As I'm going through DEV 360, I noticed the number of errors, differences in output, etc.
For Lection 2:
- It looks like that for the video lecture the input CSV file contained slightly different dataset, For example, items_sold in lecture is 628, while the same code on the provided data returned 627. The number of xbox bids is 2784 in data, and 2811 in lecture;
- Code for XBox-only records could potentially select more records, if any user will have name with xbox in it - maybe it should be explicitly mentioned;
- When constructing the Auctions items, then we can use already defined names instead of numeric constants - the code looks more readable:
val auctionsRDD = inputRDD.map(a => Auctions(a(auctionid), a(bid).toFloat, a(bidtime).toFloat,
a(price).toFloat, a(itemtype), a(daystolive).toInt))
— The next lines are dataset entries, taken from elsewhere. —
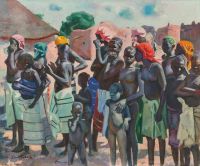 Majorelle Jacques Women Of West Africa 1945 47 canvas print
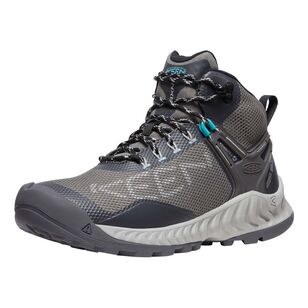 Keen Women's Nxis Evo Waterproof Mid Hiking Shoes Magnet Ipanema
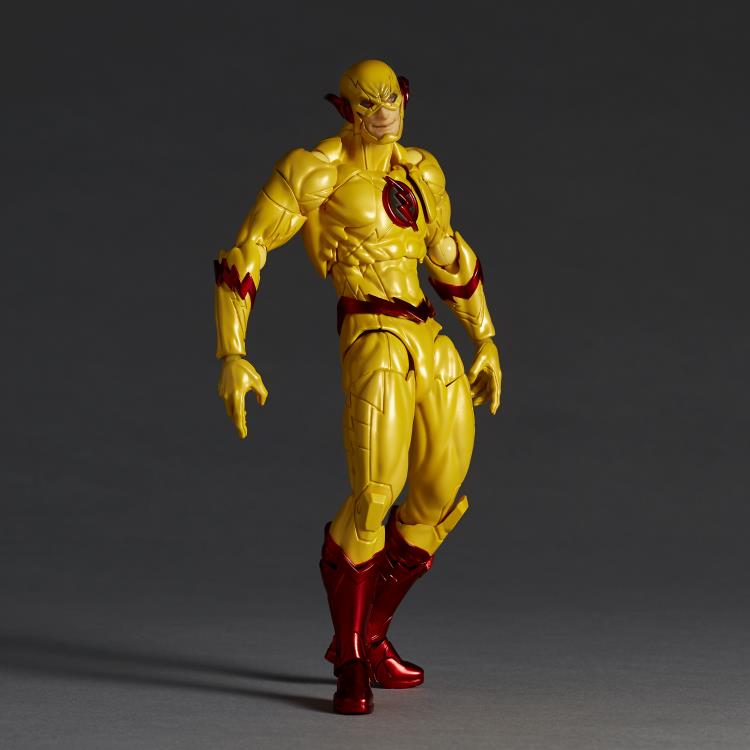 Amazing Yamaguchi Revoltech Reverse Flash Action Figure NR009 - High-Quality Collectible for DC Comics Fans & Display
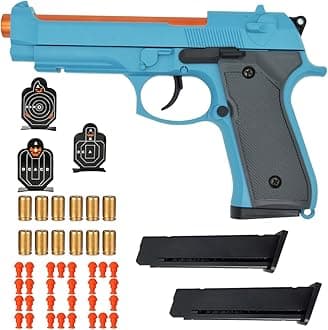 Dreamplay Shell Ejecting Toy Gun, Beretta Model 92 Automatic Pull Back Action...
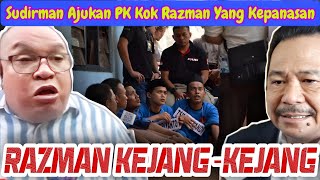 RAZMAN PANAS SUDIRMAN NGAJUKAN PK SIK BOTAK YANG KEJANG KEJANG [upl. by Anirtruc]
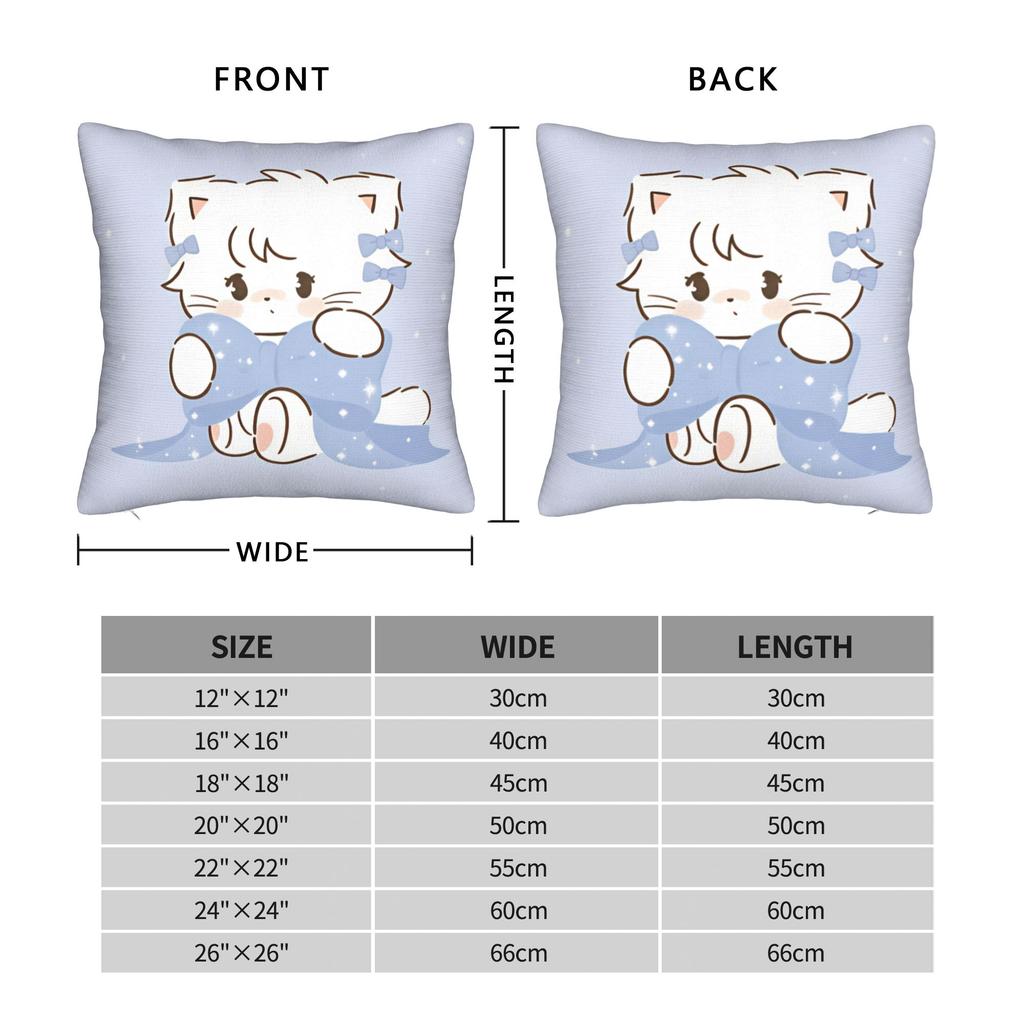 Mikkos Mousses Pillow Cover Custom Cushion Cover Novelty Pillow Case For Living Room Chair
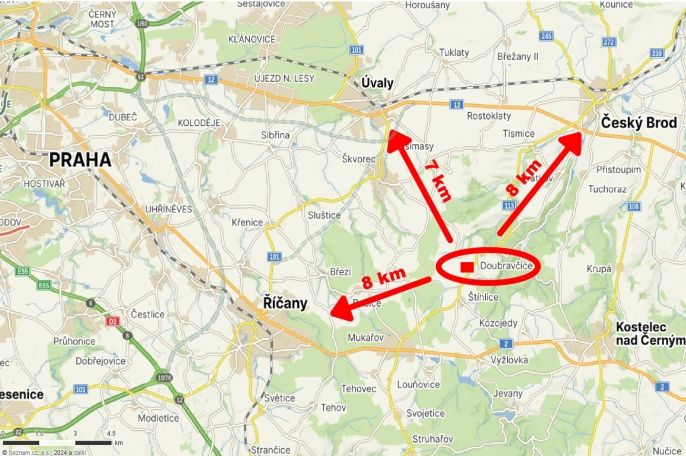 Prodej, Byt 1+kk, Doubravčice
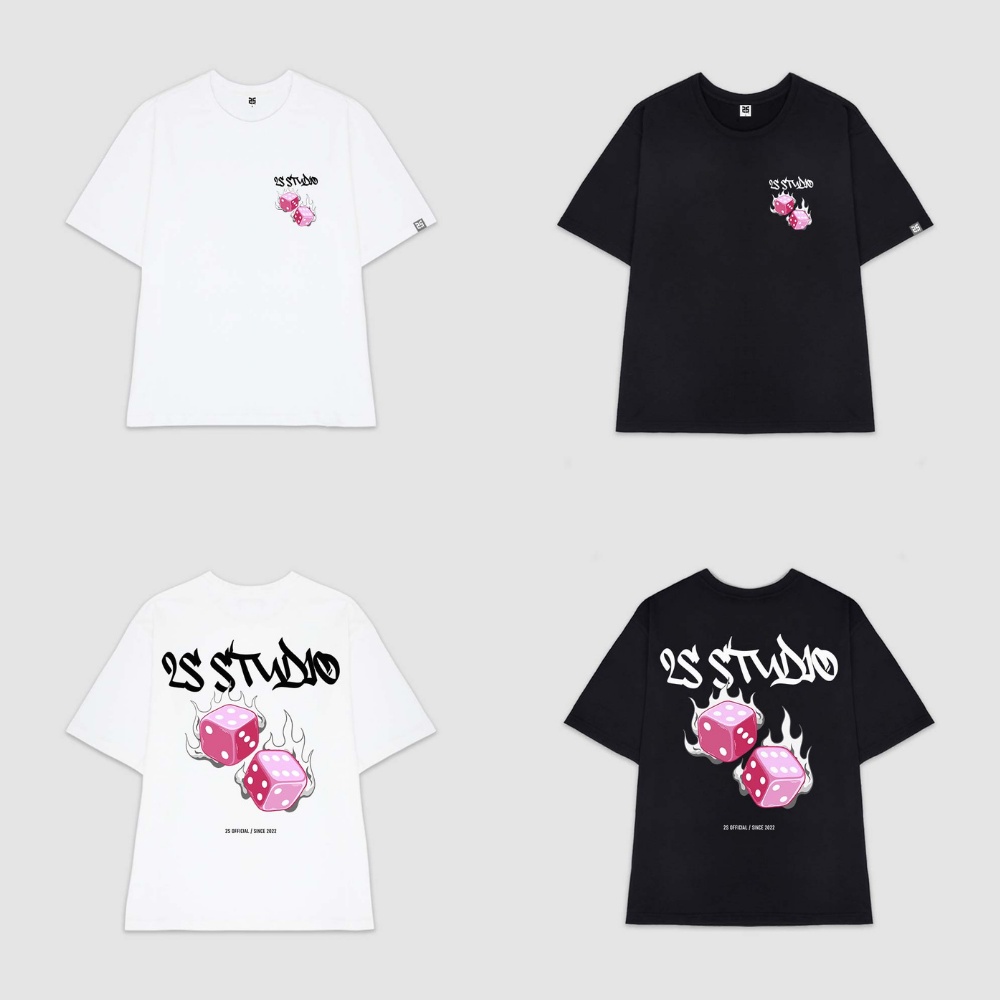Áo Phông Form Rộng Tay Lỡ Unisex 2s Clothing Áo Thun Nam Phom Rộng Cá Tính Cotton Oversize In Hình SG51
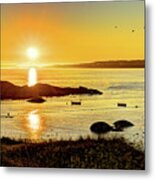 Atlantic Sunset 5 Metal Print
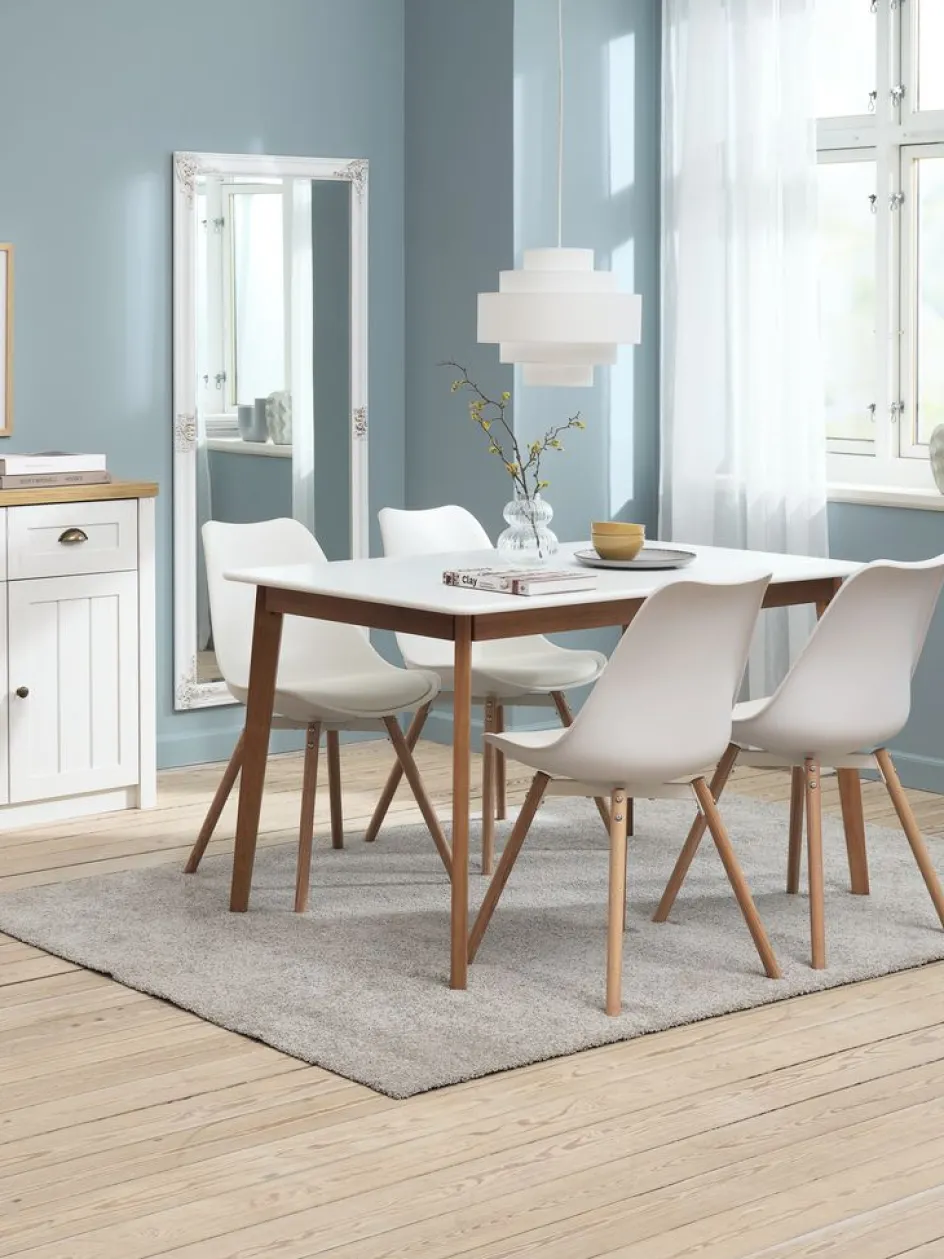 JEGIND + KASTRUPJEGIND L130 table blanc + 4 KASTRUP chaises blanc-JYSK Sale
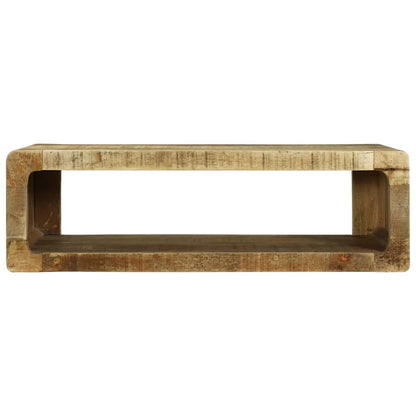 TV-kast met plank Bruin 80 x 30 x 25 cm Massief mangohout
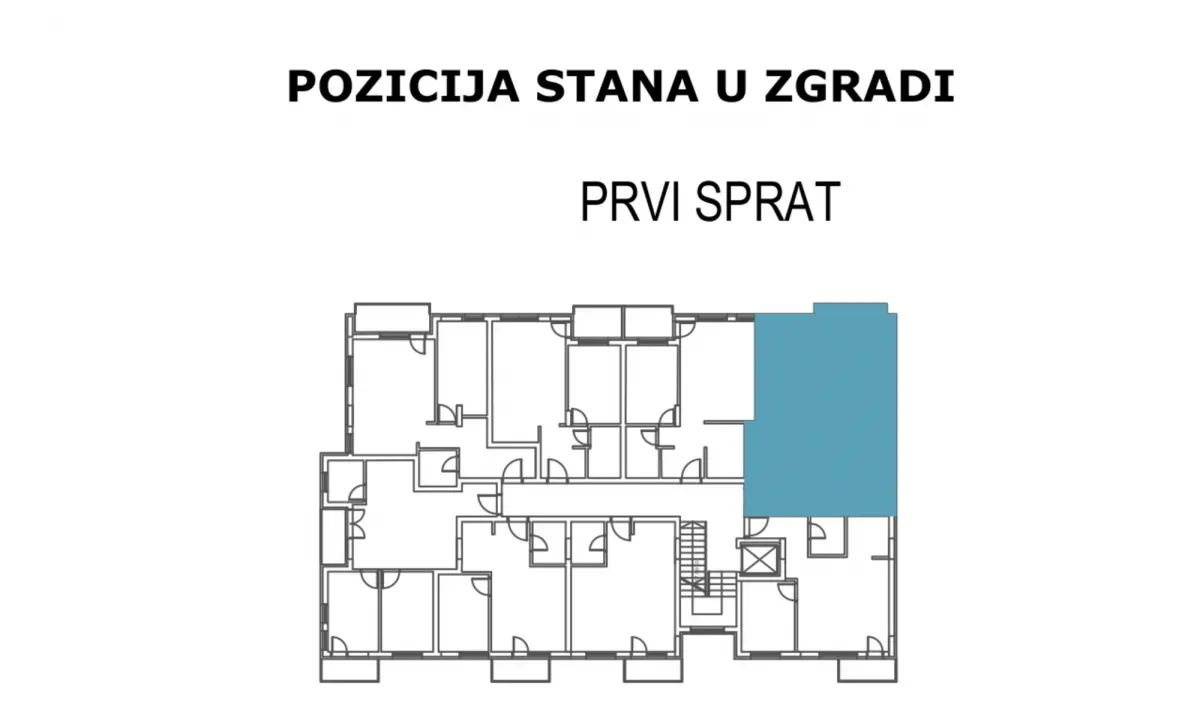 Sale, two bedroom apartment, 57m², Duvanika, Zrenjanin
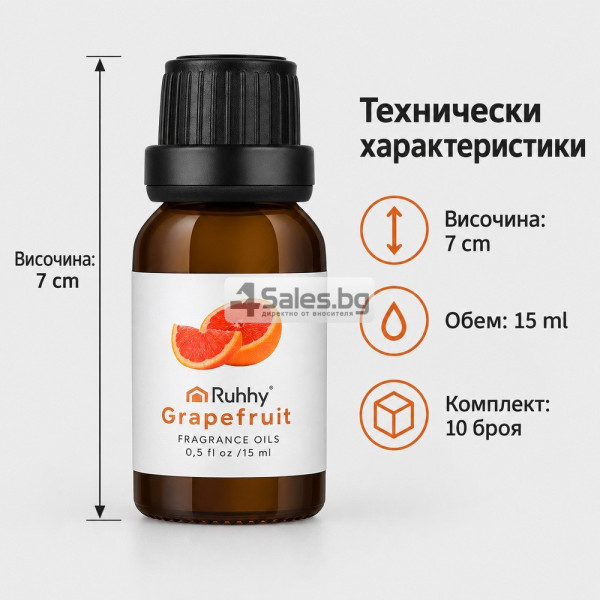Ароматни масла Ruhhy, комплект 10 × 15 ml 6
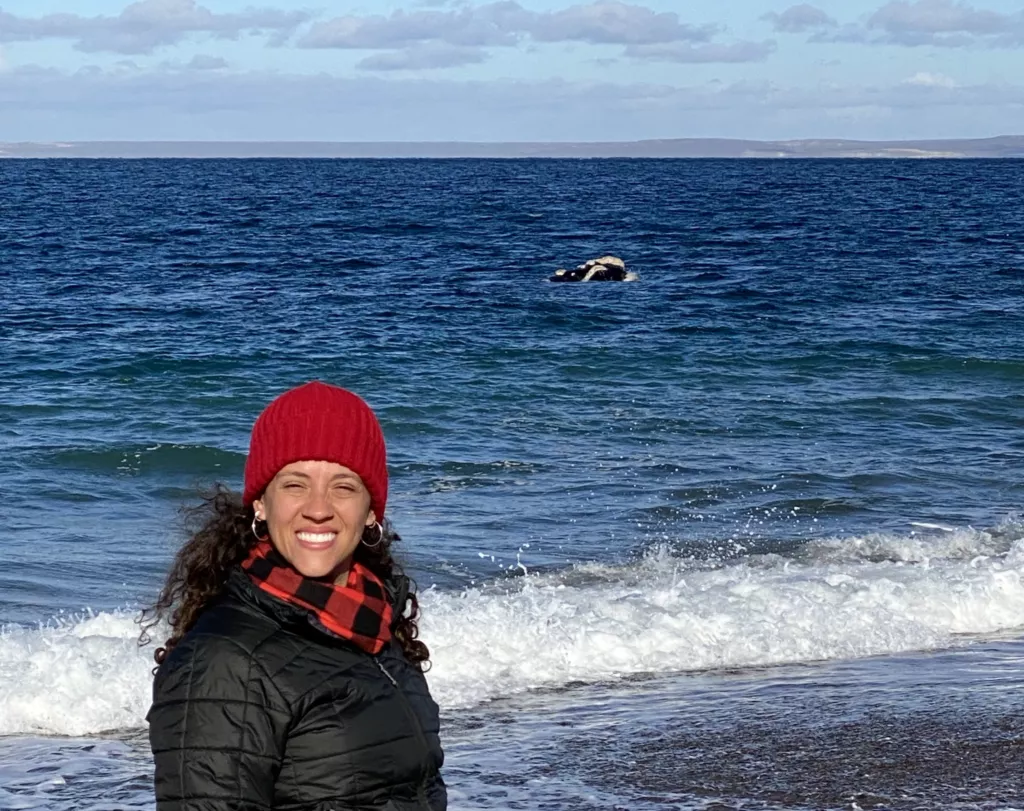 Inverno em Porto Madryn Paisagem de inverno em Porto Madryn, com o mar agitado.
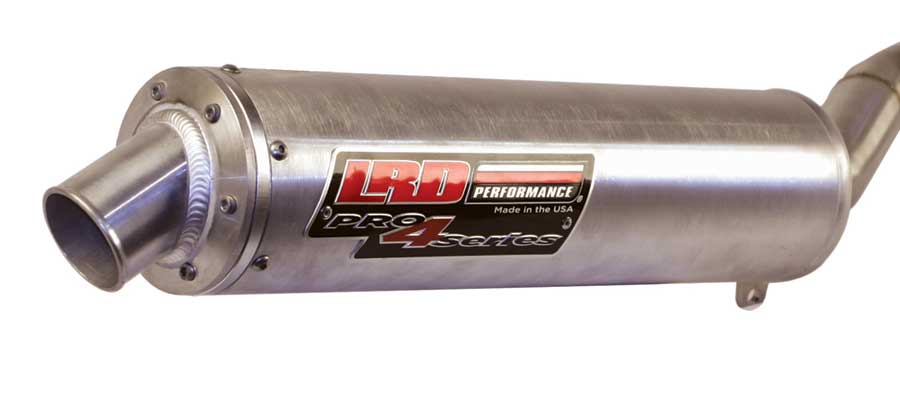 New Product LRD Performance KFX450R Pro 4 Series ATV Exhaust: Off-Road.com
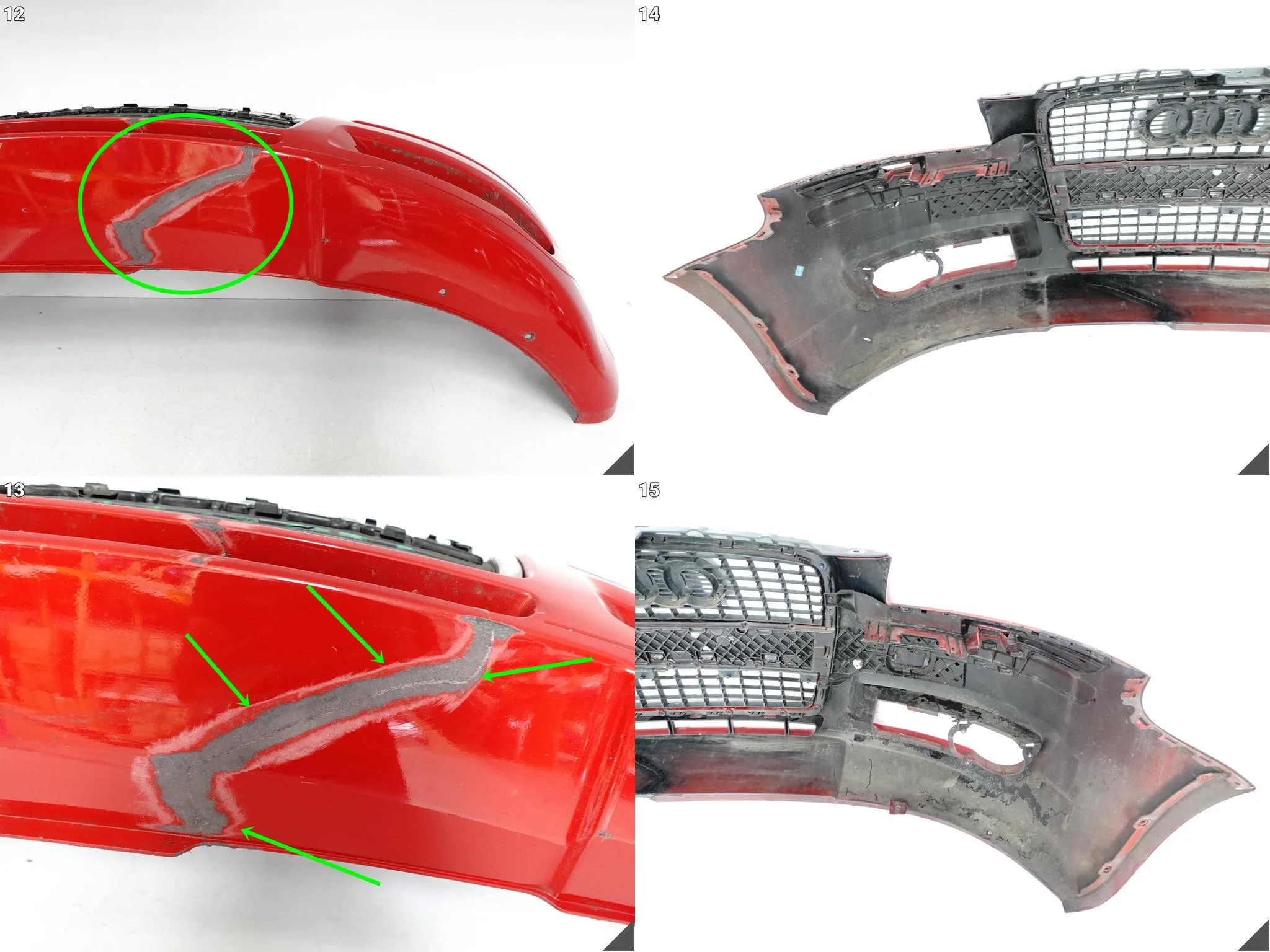 AUDI A3 8P4 SPORTBACK ( I LIFT ) 05-08 ZWYKŁY ZDERZAK BUMPER + GRILL PRZÓD AUDI A3 8P4 SPORTBACK ( I LIFT ) 05-08 ZWYKŁY ZDERZAK BUMPER + GRILL PRZÓD - obrazek 13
- In DEV360_LabGuide, on the page 10, we define the bidsAuctionRDD variable to keep data about auctions, but in the next question, this RDD is refered as bidsItemRDD. And this names are also different from the names in the provided solution: bids_auctionRDD. It would be nice to unify the names;
- In the lab 2.2.2, I was need to explicitly import the sql functions to make the max/min/avg working in groupBy.agg call:
although it could be specific of the my setup (I've used the local Spark 1.6.1 instead of Sandbox).
For Lecture 3:
- When talking about dependencies - mention that version of Spark dependencies should match to the version inside the cluster, and that the same Scala version should be used;
- It would be nice to add some hints about performance optimization, memory model, etc. (maybe in Lecture 2);It would be nice to mention tools for interactive development: IPython + PySpark, Spark Notebook, Apache Zeppelin
Thank you for good intro into Spark!